* [DATASET CONTENT]:
Content starts

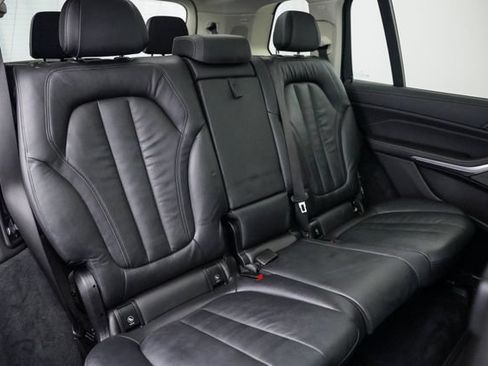 Used 2020 BMW X7 xDrive40i w/ Premium Package AWD/4WD image 28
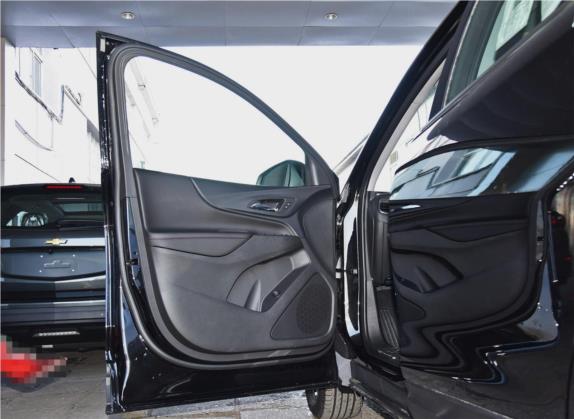 探界者 2019款 Redline 550T 自动四驱拓界版RS 国V 车厢座椅   前门板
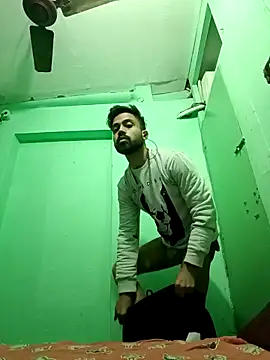 Snapshot of rocky301m chatting on November 26, 7:59 pm rocky301m online show from November 26, 7:59 pm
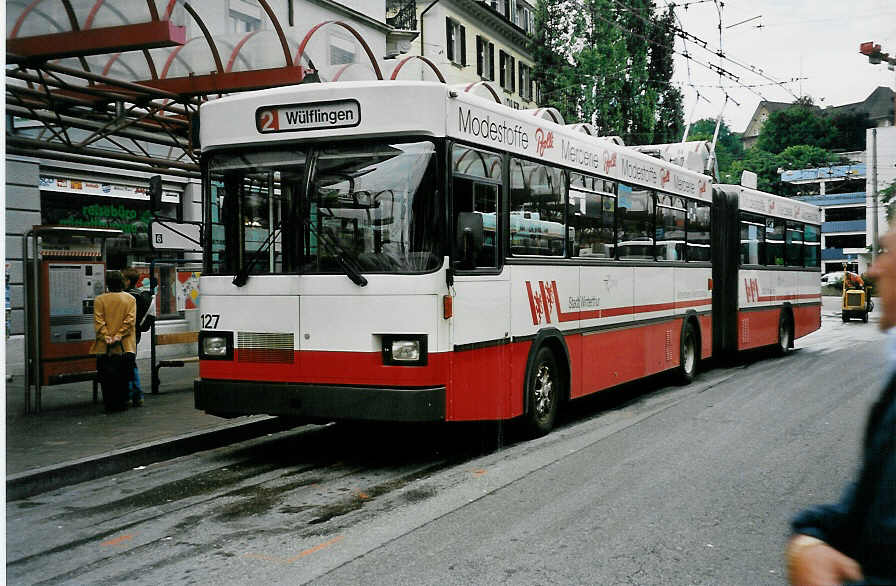 (041'909) - WV Winterthur - Nr. 127 - Saurer/FHS Gelenktrolleybus am 13. Juli 2000 beim Hauptbahnhof Winterthur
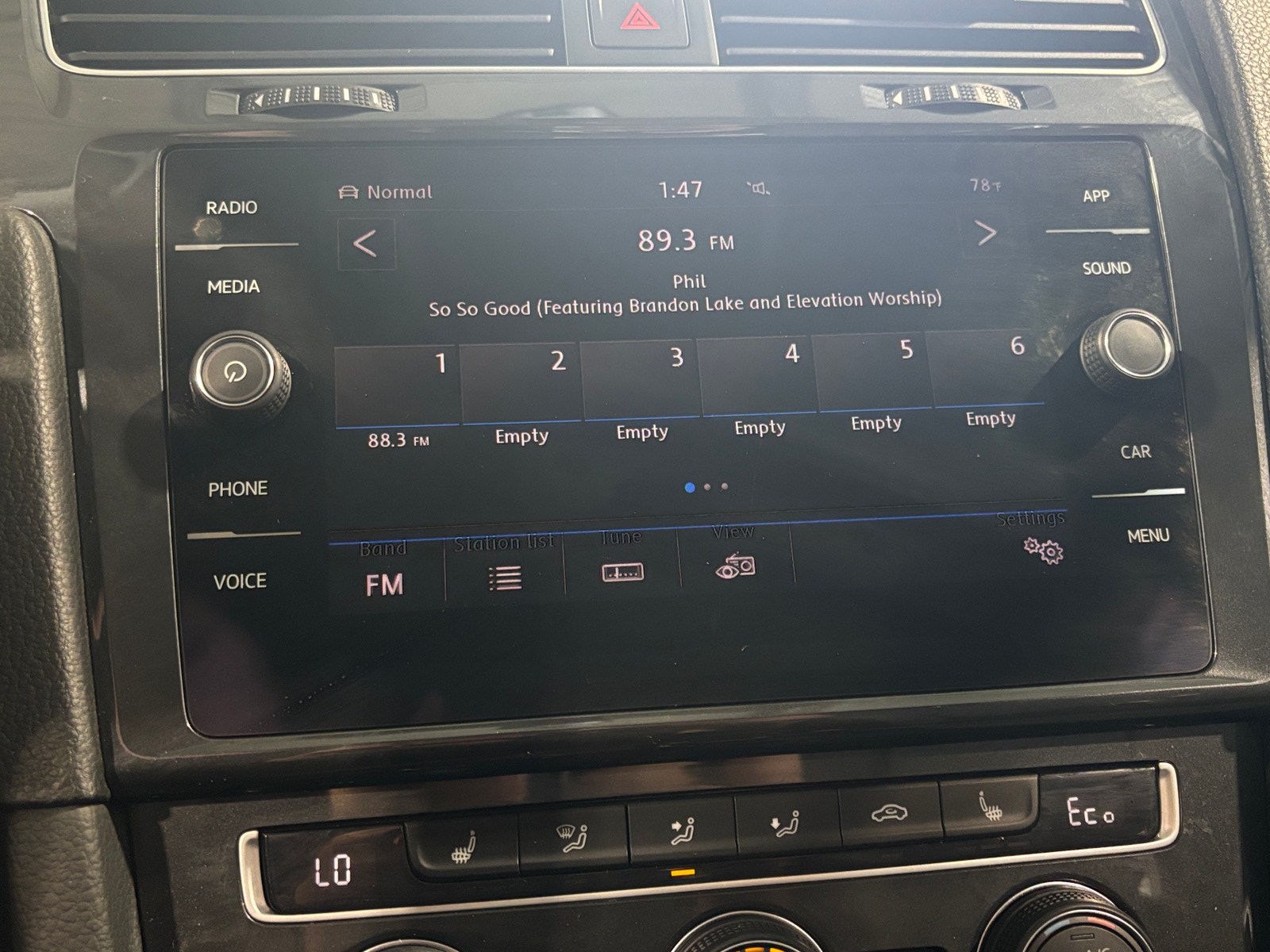 Thumbnail: 2019 Volkswagen e-Golf - 4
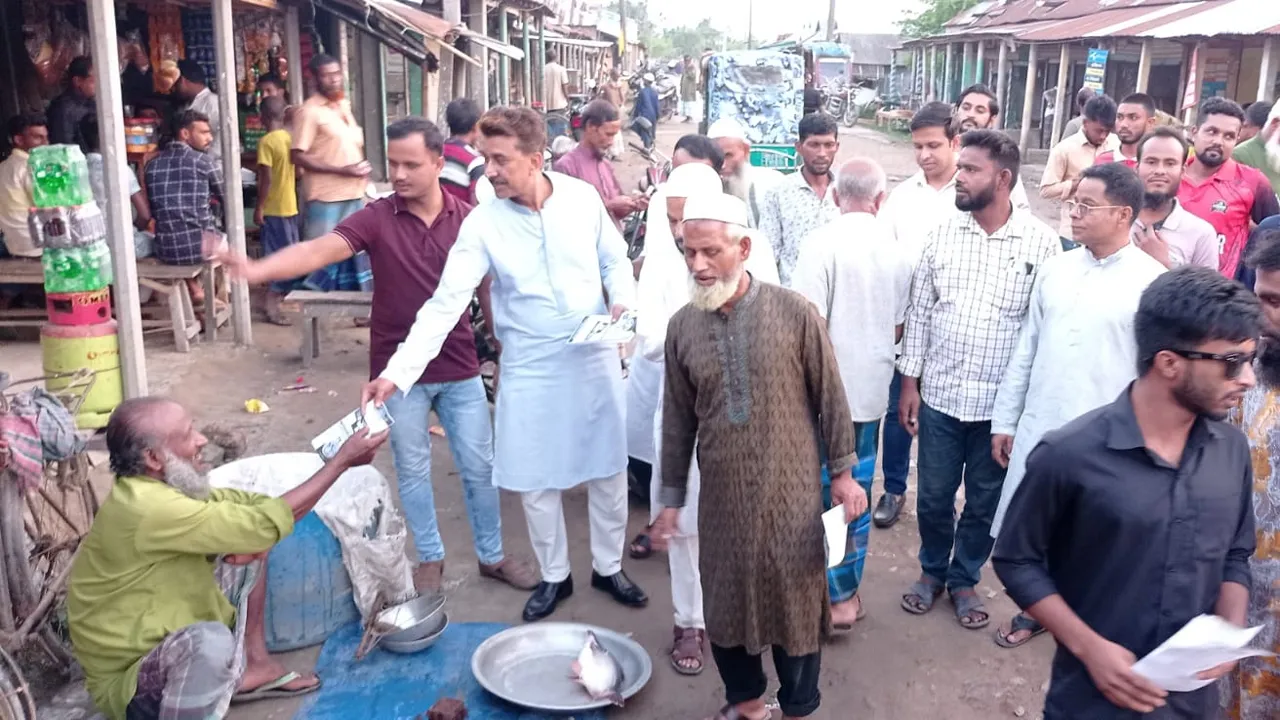 তারেক রহমানের ৩১ দফা নিয়ে গৌরীপু‌রে মানুষের দ্বারে দ্বারে অ্যাডভোকেট নুরুল হক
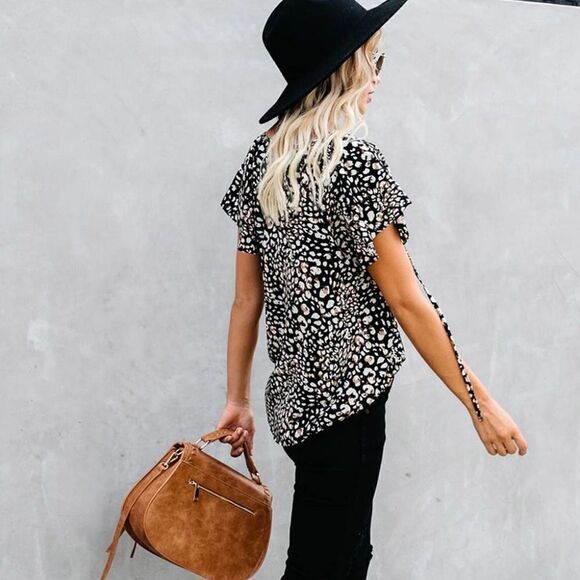 Fantasy Fluttering Sleeve Daisy Floral Blouse Black and Yellow Size Small - Picture 11 of 14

Content ends

Your answer must be the lines from the opening line of the entries through the line holding "তারেক রহমানের ৩১", written out exactly and without any picture.

* [SOLUTION]:
 Used 2020 BMW X7 xDrive40i w/ Premium Package AWD/4WD image 28
 探界者 2019款 Redline 550T 自动四驱拓界版RS 国V 车厢座椅   前门板
 Snapshot of rocky301m chatting on November 26, 7:59 pm rocky301m online show from November 26, 7:59 pm
 (041'909) - WV Winterthur - Nr. 127 - Saurer/FHS Gelenktrolleybus am 13. Juli 2000 beim Hauptbahnhof Winterthur
 Thumbnail: 2019 Volkswagen e-Golf - 4
 তারেক রহমানের ৩১ দফা নিয়ে গৌরীপু‌রে মানুষের দ্বারে দ্বারে অ্যাডভোকেট নুরুল হক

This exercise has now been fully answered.